> **How to complete this task**
From the entries below, reproduce exactly the lines from the one with "Kia Niro 2023 — photo 17" through the one with "Used 2017 RAM 1500 Express image 21", both included, without images.

> **Records to use**
********
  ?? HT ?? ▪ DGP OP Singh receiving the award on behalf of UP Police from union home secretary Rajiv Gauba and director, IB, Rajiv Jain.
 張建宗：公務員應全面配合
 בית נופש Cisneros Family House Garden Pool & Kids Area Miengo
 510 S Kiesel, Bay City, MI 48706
********
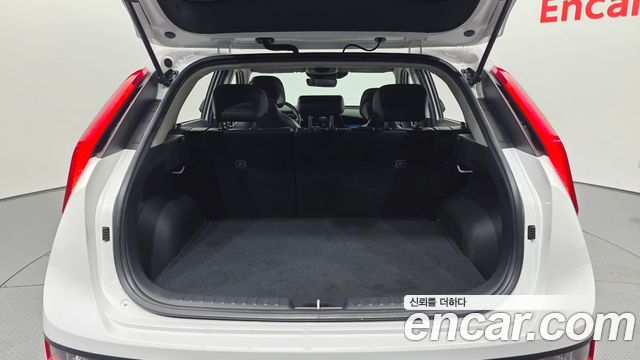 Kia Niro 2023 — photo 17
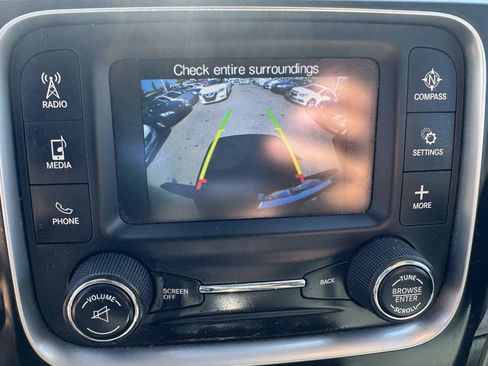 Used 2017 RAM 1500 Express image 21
********
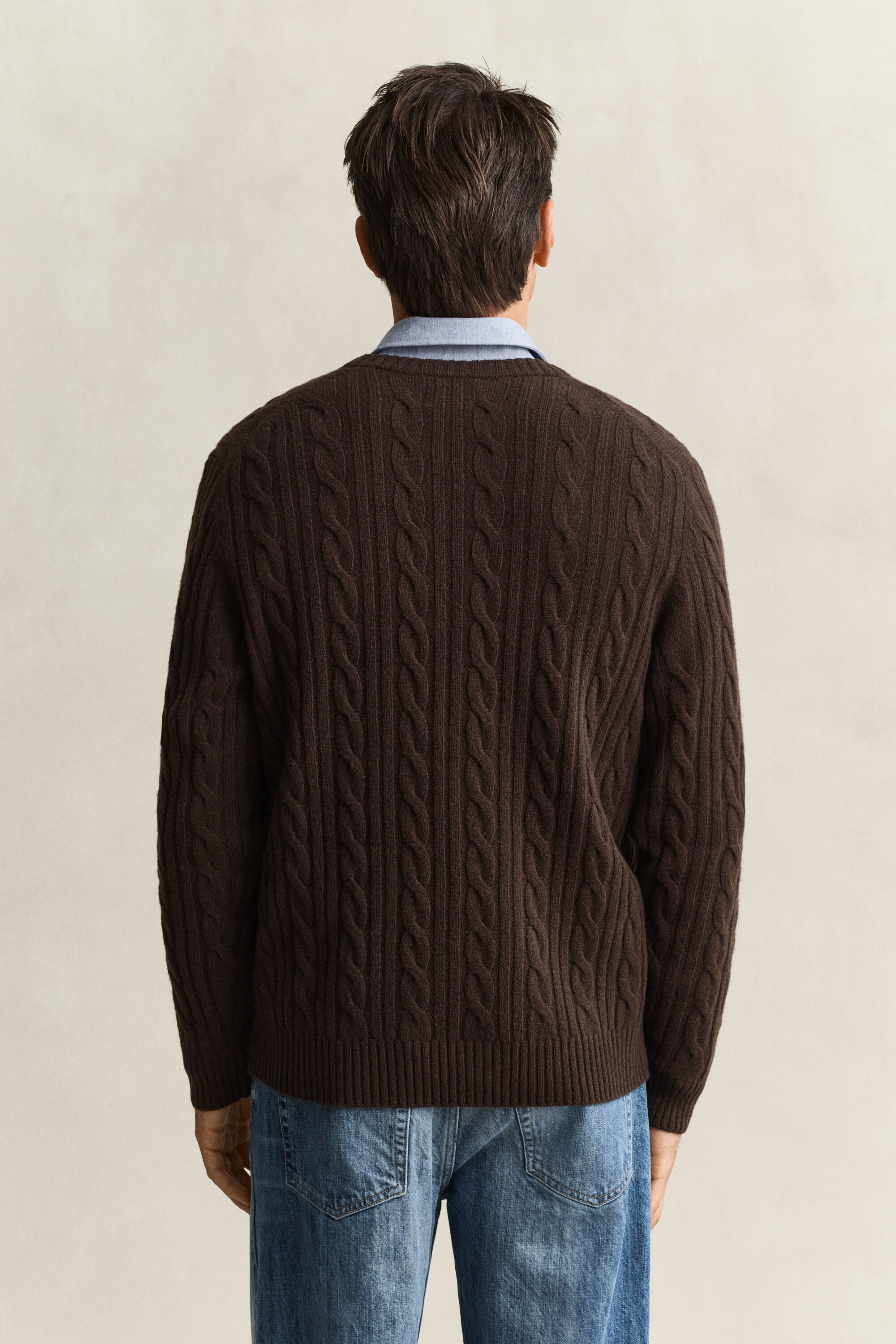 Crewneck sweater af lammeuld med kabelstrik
********
> **Exercise output**
 Kia Niro 2023 — photo 17
 Used 2017 RAM 1500 Express image 21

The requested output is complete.